To be honest, I meant what I said. Despite the zipped up shallus and the fitted jeans I occasionally slip myself into and despite the many male colleagues I interact with at University and elsewhere, the morbid sense of morals that my mother has ingrained in me over the last twenty years is now too firm a part of me to allow me to let go of it. Even now when a guy comes and sits too close to me on the sofa, I find my self nudging my body away from him.When a male colleague offers to drop me home, I usually drag another person along to avoid sitting in the front seat with him. When an exuberant karachite steps off from the plane and opens his arms, I politely side-step them and reach out for his bags.
Is all this abnormal?
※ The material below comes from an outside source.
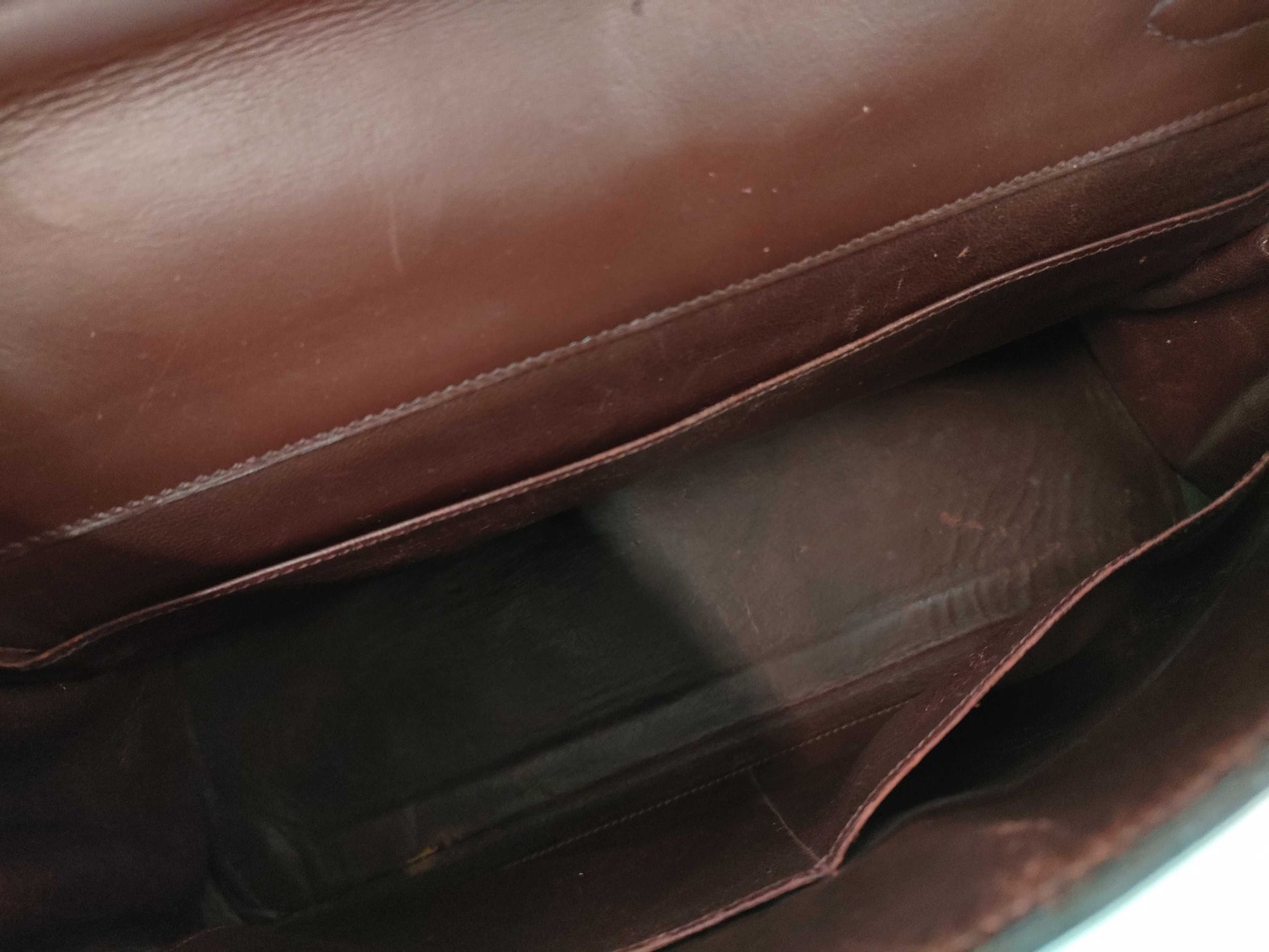 HERMES Kelly 32 Z Stamp Le Tourne Burgundy Box Calf Leather with Gold Hardware Shoulder Bag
In most middle-class conservative families, these are the norms girls have no choice but to live by. Infact, here if a girl does otherwise she is labelled as ‘fast’ and quickly married off in an attempt to save her ‘honour’ as a middle-class mom explained to me on the occasion of her sixteen year old daughter’s rukhsati. “There was no other way out. My daughter was becoming kharab.”
Why do people give me weird looks when word gets around that I have never gone out on a date or roll their eyes when they see me stiffening up at a friend’s attempt to playfully punch my arms is because neither do I belong to a middle-class society, nor to a particularly conservative one.
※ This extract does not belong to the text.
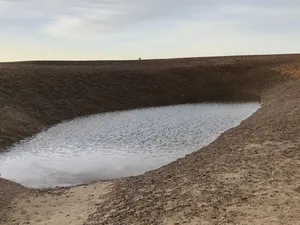 Lubang Misterius di Pantai Felixstowe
The crowd that I hang out with is the one that frequents gig nights (and always as a couple), hangs out at Zouk on Saturdays and thinks nothing of a little necking on the third date alone. Hence, when I walk into a gig night accompanied by my cousin, sit at a table in Zouk with my family and refuse to even bare my neck much less allow it to be licked, I’m bound to evoke a reaction. There are those who are sympathetic - “Don’t worry you’ll find a man.” Then, there are those who are honest - “Are you sure you’re straight?” Those who are helpful - “Come, I want to introduce you to this guy that I know.” And those who are extremely helpful - “Hmmn, if you would just get your eye-brows properly shaped up and perhaps start wearing one of those padded numbers…”
What none amongst them find easy to accept is the fact that I am actually not interested in going out. This isn’t because I haven’t come across tempting enough offers. I still remember the 6 feet musician whose mere presence gave me goosebumps or the athletic banker whose smile I kept remembering for a week after our first meeting. And contrary to what others say, my sexual drive is not impaired and has no inclinations of heading off in the reverse direction either. My simple, humble reason for saying ‘No’ over and over again is because I really do think it’s wrong.
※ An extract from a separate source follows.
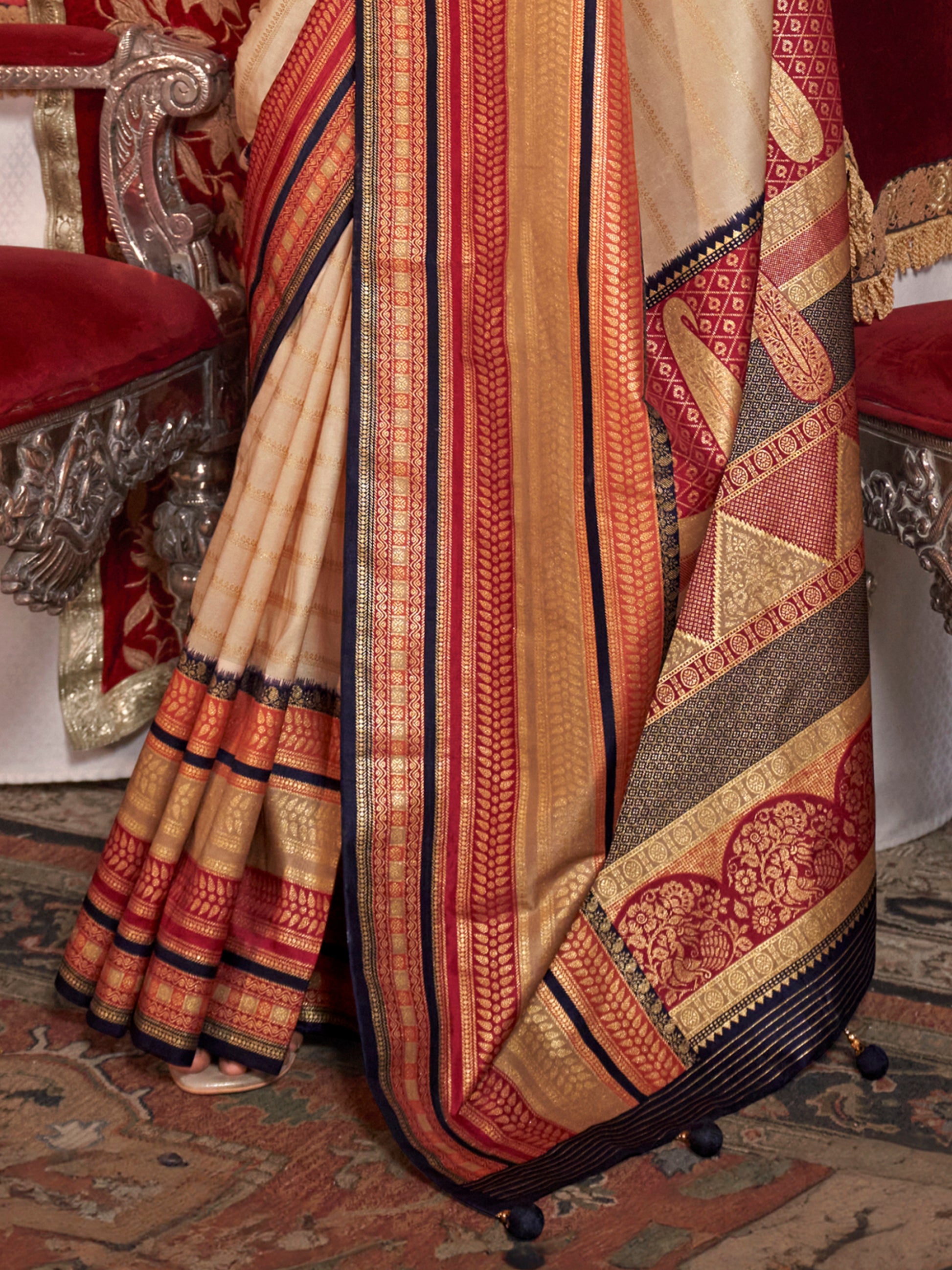 Glamorous Cream Zari Weaving Silk Traditional Saree With Blouse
**Not wrong in the sense that I consider it immoral for a guy and girl to date each other but wrong because of the lies and deceits that are a part and parcel of this package. “Mom can I go to Hajra’s house for dinner?” And at Hajra’s house, a car awaits to spirit you away. “Of course not, he is just a friend.” “And yes, I cuddle all my platonic friends.” “Are you out of your mind - no physical intimacies what so ever?” Well none except for just a bit of french-kissing every half an hour or so. **
I know in most cases these girls have no choice but to fall back on such lies and stories but I still think it is wrong. **If you’re going out then have the guts to own up. To tell your mother that yes you are in love. To hold his hand in front of your grand-parents. To kiss him boldly on a Saturday afternoon when Freddy’s café is booked. To nod your head and say yes, we do enjoy wrestling around. And if like me, you don’t have the guts for all this then just don’t get into it. **
This is what I mean when I say “I’m just not this type of a girl.”